Take the material below and extract the lines from the one with "Premium Matt Magsafe Case for iPhone" through the one with "Apartment Holiday Verona", word for word, without pictures.

##### Data supplied #####

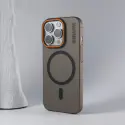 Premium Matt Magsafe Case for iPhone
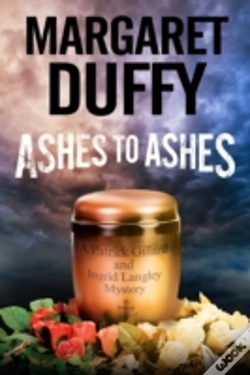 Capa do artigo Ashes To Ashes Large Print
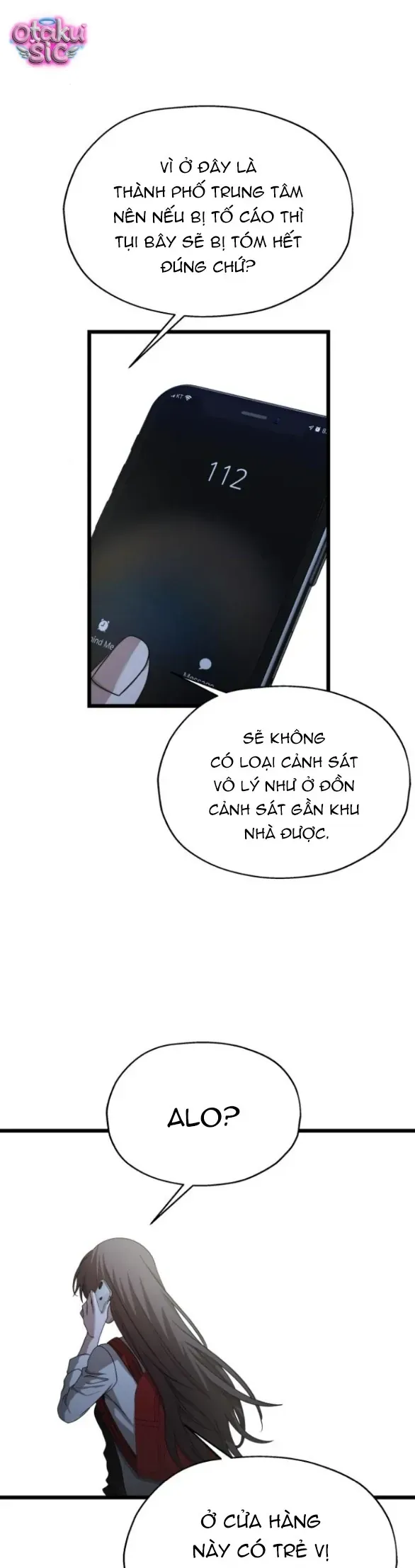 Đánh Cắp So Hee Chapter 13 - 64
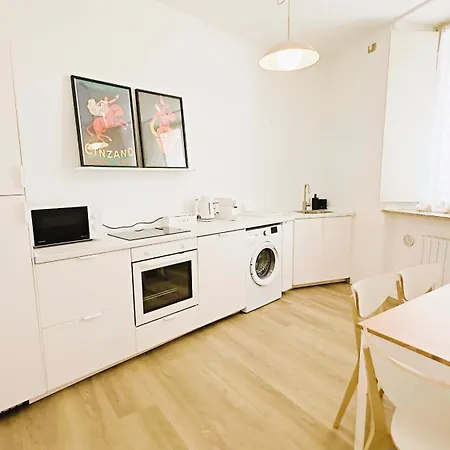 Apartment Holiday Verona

#####
##### Data supplied #####

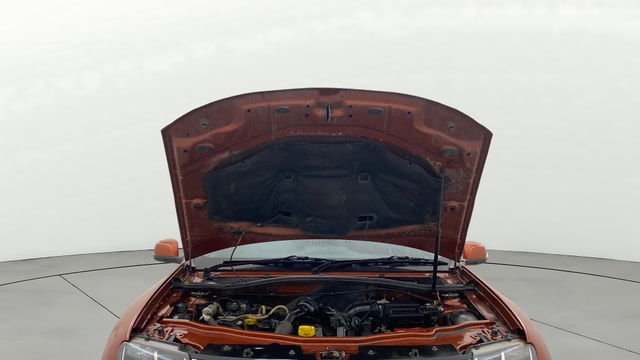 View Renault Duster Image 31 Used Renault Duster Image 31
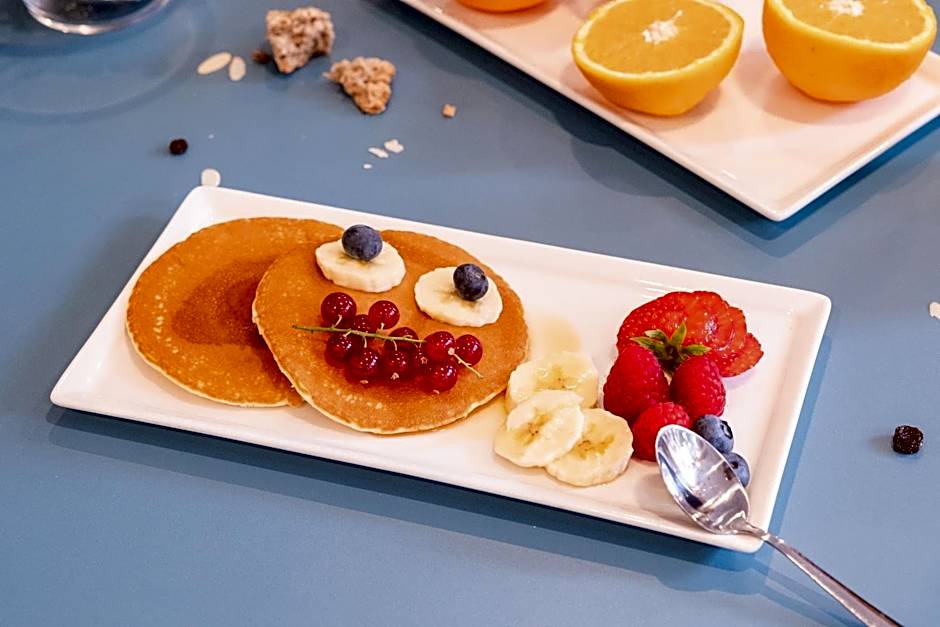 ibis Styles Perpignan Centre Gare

#####

- Problem solution:
 Premium Matt Magsafe Case for iPhone
 Capa do artigo Ashes To Ashes Large Print
 Đánh Cắp So Hee Chapter 13 - 64
 Apartment Holiday Verona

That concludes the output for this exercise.